The Maternal Phenylketonuria International Study: 1984–2002
Objective. The purpose of this report is to review the obstetric medical, psychological, and nutritional aspects and outcome of the women and offspring enrolled in the Maternal Phenylketonuria Study, which was established to assess the efficacy of a phenylalanine (Phe)-restricted diet in preventing the morbidity associated with this disorder.
Methods. A total of 382 women with hyperphenylalaninemia (HPA) were enrolled in the study and completed 572 pregnancies. Outcome measures were analyzed with χ2, Fisher exact text, analysis of variance, t test, Wilcoxon nonparametric test, and multiple logistic regression. Outcome measures were stratified according to maternal HPA classification and the time when dietary control was achieved.

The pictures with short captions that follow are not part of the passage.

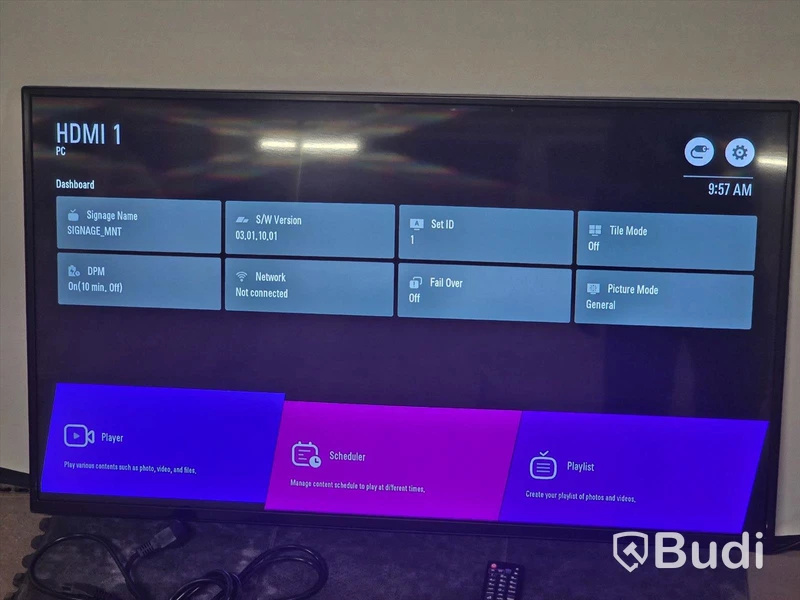 LG 43SE3KE-B | 43" TV/Bildskärm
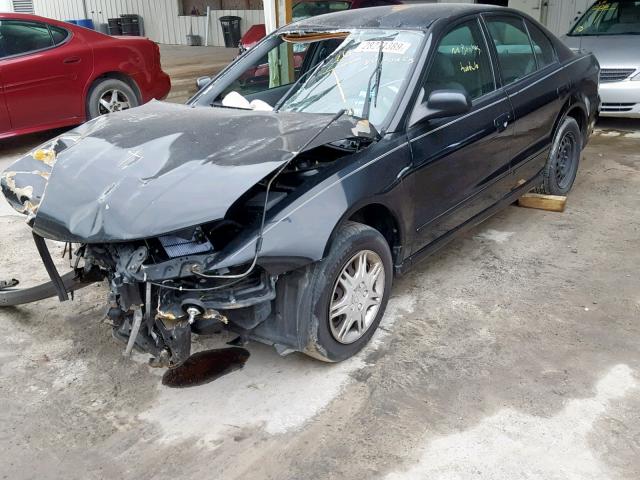 4A3AA36G53E177316 - 2003 MITSUBISHI GALANT DE GRAY photo 2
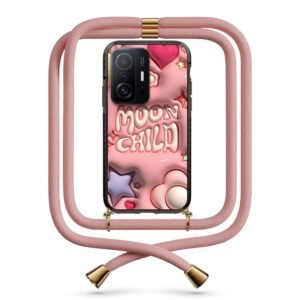 Moon child θήκη με κορδόνι & σχέδιο 9954 για Xiaomi Mi 11T/11T Pro/ 11T Pro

Results. Optimal birth outcomes occurred when maternal blood Phe levels between 120 and 360 μmol/L were achieved by 8 to 10 weeks of gestation and maintained throughout pregnancy (trimester averages of 600 μmol/L). Mothers with mild HPA achieved similar birth outcomes as mothers who were in control preconceptually and those in control by 8 to 10 weeks of pregnancy.
Conclusions. Before conception, counseling and early entrance into a prenatal care program is essential in achieving optimal fetal outcome in women with HPA. The achievement of pre- and periconceptional dietary control with a Phe-restricted diet significantly decreased morbidity in the offspring of women with HPA.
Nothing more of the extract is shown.